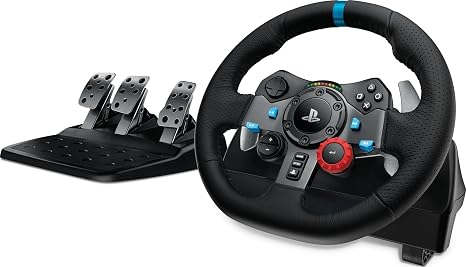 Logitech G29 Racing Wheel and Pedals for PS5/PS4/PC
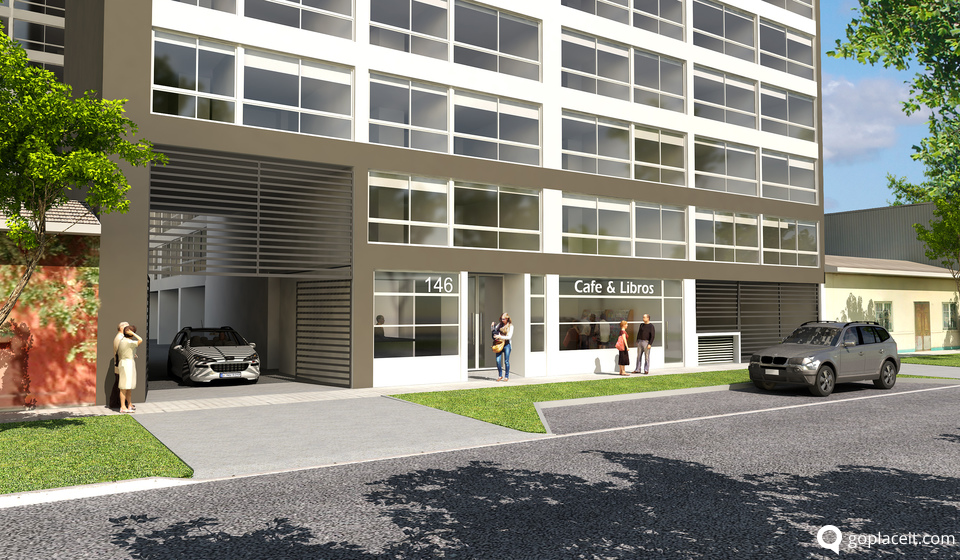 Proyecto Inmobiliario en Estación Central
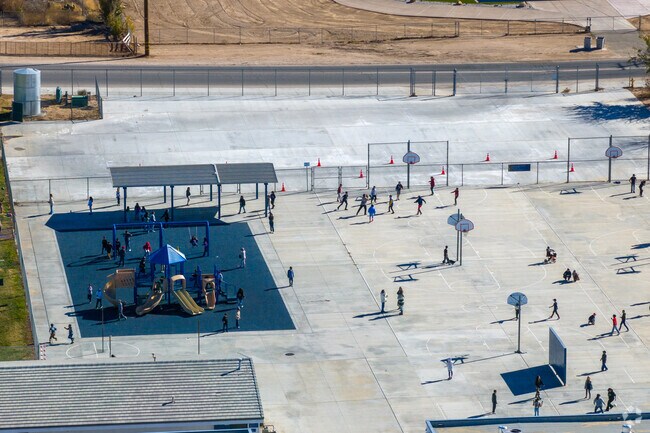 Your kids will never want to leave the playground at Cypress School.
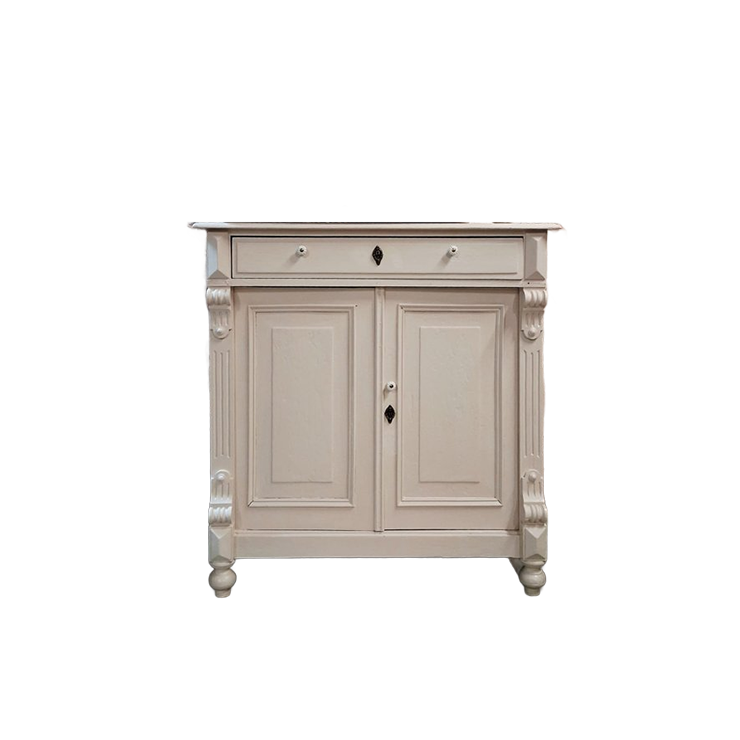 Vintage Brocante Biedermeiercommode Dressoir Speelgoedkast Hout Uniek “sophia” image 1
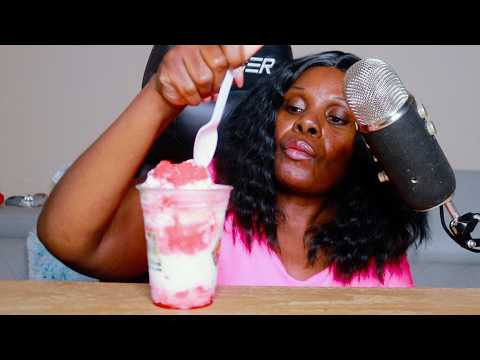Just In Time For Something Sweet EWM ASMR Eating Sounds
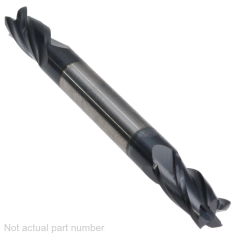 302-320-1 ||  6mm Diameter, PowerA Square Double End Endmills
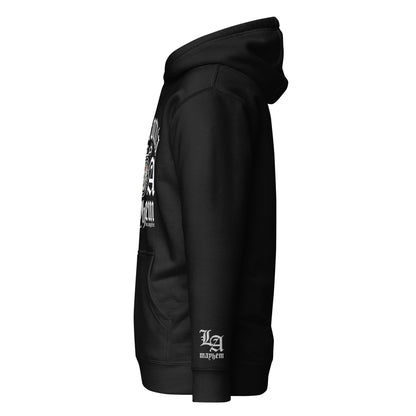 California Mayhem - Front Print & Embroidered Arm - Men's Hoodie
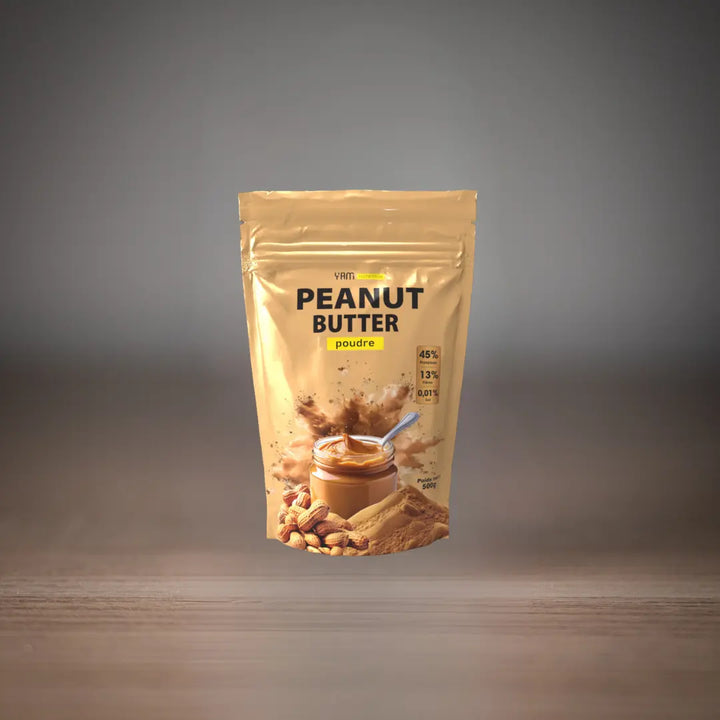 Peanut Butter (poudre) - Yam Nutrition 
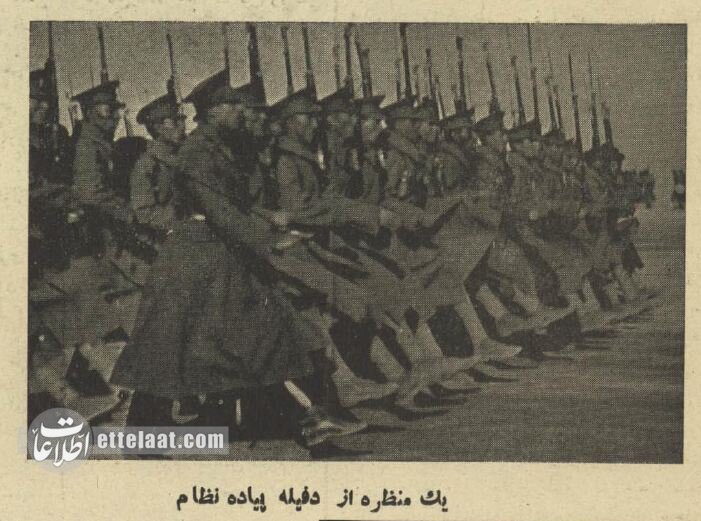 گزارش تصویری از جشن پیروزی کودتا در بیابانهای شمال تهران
---
What this task involves:
Repeat each record verbatim, pictures excluded.

Your response:
 Logitech G29 Racing Wheel and Pedals for PS5/PS4/PC
 Proyecto Inmobiliario en Estación Central
 Your kids will never want to leave the playground at Cypress School.
 Vintage Brocante Biedermeiercommode Dressoir Speelgoedkast Hout Uniek “sophia” image 1
Just In Time For Something Sweet EWM ASMR Eating Sounds
 302-320-1 ||  6mm Diameter, PowerA Square Double End Endmills
 California Mayhem - Front Print & Embroidered Arm - Men's Hoodie
 Peanut Butter (poudre) - Yam Nutrition 
 گزارش تصویری از جشن پیروزی کودتا در بیابانهای شمال تهران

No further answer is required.